Stephanie Hendrixson

And if you'd like to learn more about 3D printing technology and applications, check out our newsletter, The Build Up. You can subscribe to that at AdditiveManufacturing.media and we'll put a link in the show notes below. Thanks for watching.

00:14:48:13 - 00:15:10:09

Pete Zelinski

This episode is brought to you by Carpenter Additive. We are at the company's powder production facility in Athens, Alabama, and we are standing on top of an atomizer. The Z1 is Carpenter Technology's largest vacuum atomizer and it is the heart of the process for making additive manufacturing metal powder here at Carpenter Additive.

00:15:10:16 - 00:15:18:19

Stephanie Hendrixson

This facility is capable of producing up to 18,000 pounds of metal powder per day. Plant manager Jordan Ralph talked us through the process.

00:15:19:07 - 00:15:49:21

Jordan Ralph

So an atomizer is a piece of equipment that is capable of melting and pouring molten metal into the stream of high pressure gas that turns that molten metal into tiny, tiny droplets that ultimately cool and form our powder, which looks like a grey dust. So to start our process and the ultimate in the end solution that we have here, we bring in raw materials all the way down to individual elements.

00:15:49:21 - 00:16:22:02

Jordan Ralph

So nickel, cobalt, chrome, moli, niobium, we bring all of those raw materials into the shop. We utilize those materials to build charges that go into the atomizer. As you walk that flow path, you run through our charge make up area where all of the materials are weighed out in very exact quantities. That ensures that we're able to hit our customer specifications and hold the tight tolerances that we're looking for on a chemistry perspective.

00:16:23:05 - 00:16:49:15

Jordan Ralph

From there, the material is flown to the top of the atomizer and charged into the furnace as the materials produced it is poured out and is collected at the bottom of the atomizer.

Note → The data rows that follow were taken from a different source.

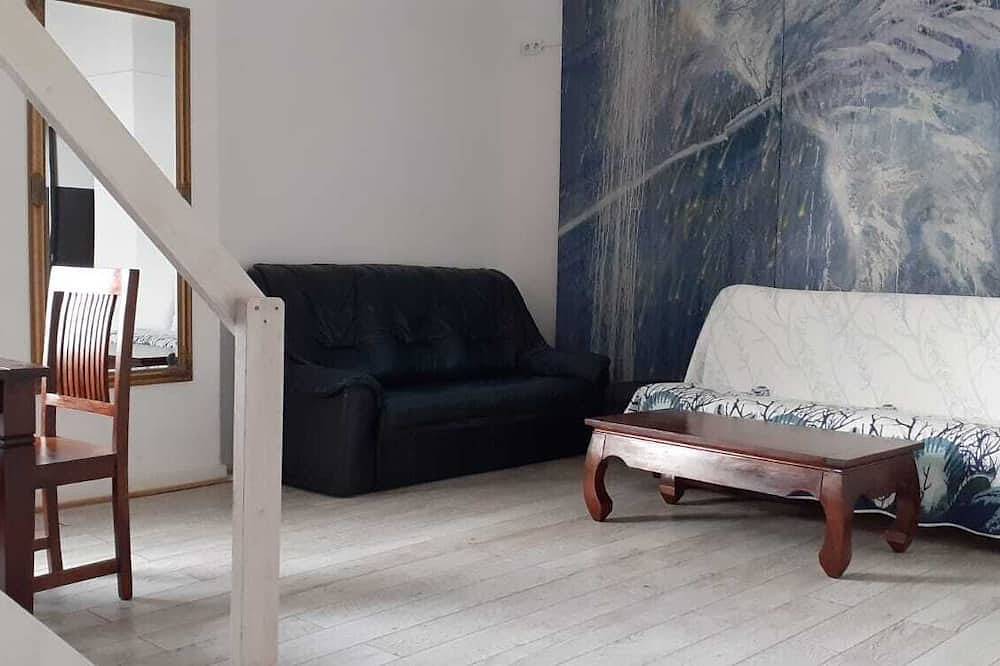 Entire apartment, City Center Art Loft: Unique Comfort Experience with Parking in Warsaw, Masovia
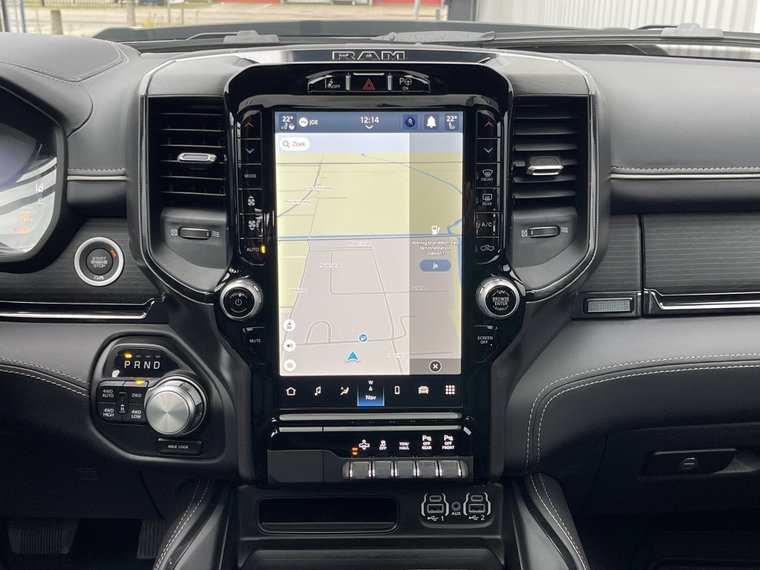 Vehicle Image 40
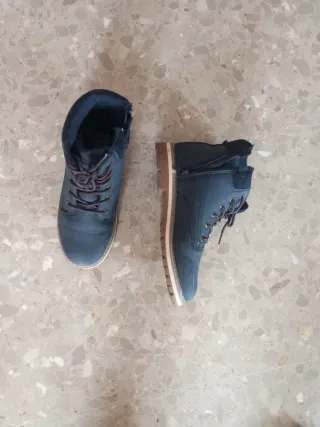 Botas de montaña azules y marrones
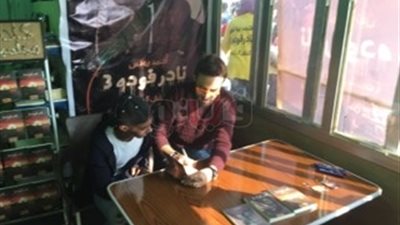 للعام الثاني.. زحام في معرض الكتاب بسبب أحمد يونس (صور)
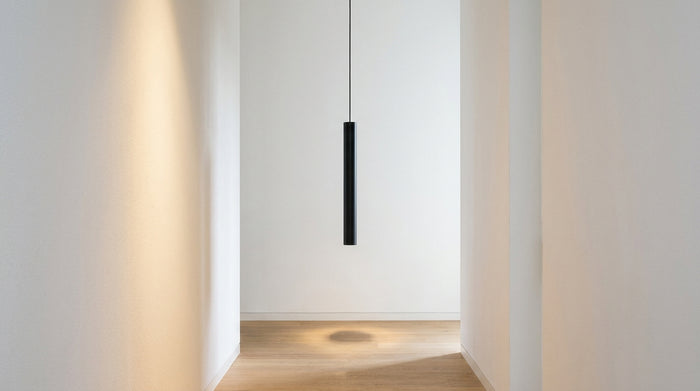 Hallway pendant light: the right light, from floor to ceiling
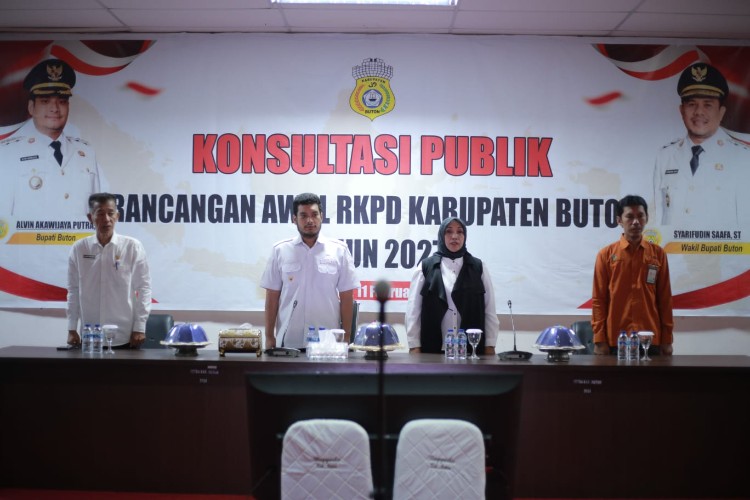 Bupati Buton bersama jajaran saat membuka kegiatan Konsultasi Publik Rancangan Awal RKPD Kabupaten Buton Tahun 2027 di Aula Bupati Buton, Rabu, 11 Februari 2026.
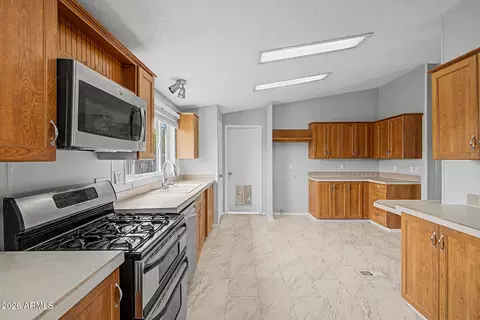 2087 E Michelle Dr, Phoenix, AZ 85022 photo 3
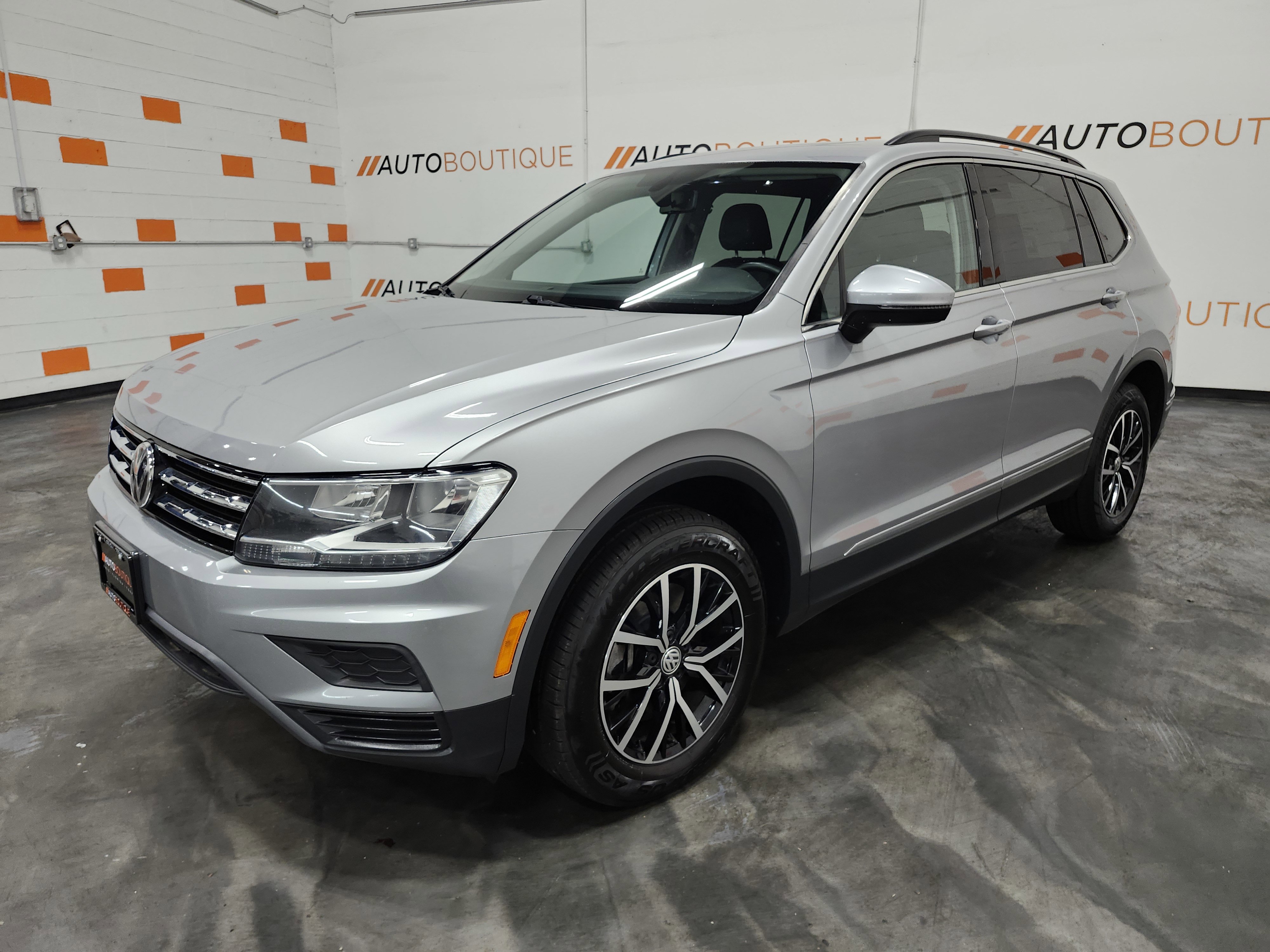 Used 2021 Volkswagen Tiguan SE FWD image 12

The material is then taken and transferred into a bulk container for processing through the rest of the value stream. The next stop for any of our atomized powder would be the screener.

00:16:50:14 - 00:17:17:05

Jordan Ralph

So that will remove the coarse portion of the powder. From there we take it through air classification. That takes the fine portion of the particle size distribution out and makes the final cut for an additive material like a 10 to 45. From there we stack up all of those individual lots and put them into the 12,000 pound blender to make the single homogenous blends.

00:17:18:06 - 00:18:01:20

Jordan Ralph

At that point we are able to pack in any configurations the customer's looking for, whether that be drums, bottles, PowderTrace hoppers. You know, we've got a lot of a lot of options to meet customers needs. The atomization, capability and all of the powder capabilities gives us a unique position where we're actually able to produce the powder, run testing through additive machines all the way through HIP and heat treat, do final testing on those products, and then make additional changes or try to optimize things like our chemistry or sizing so that we ultimately can serve our customers better.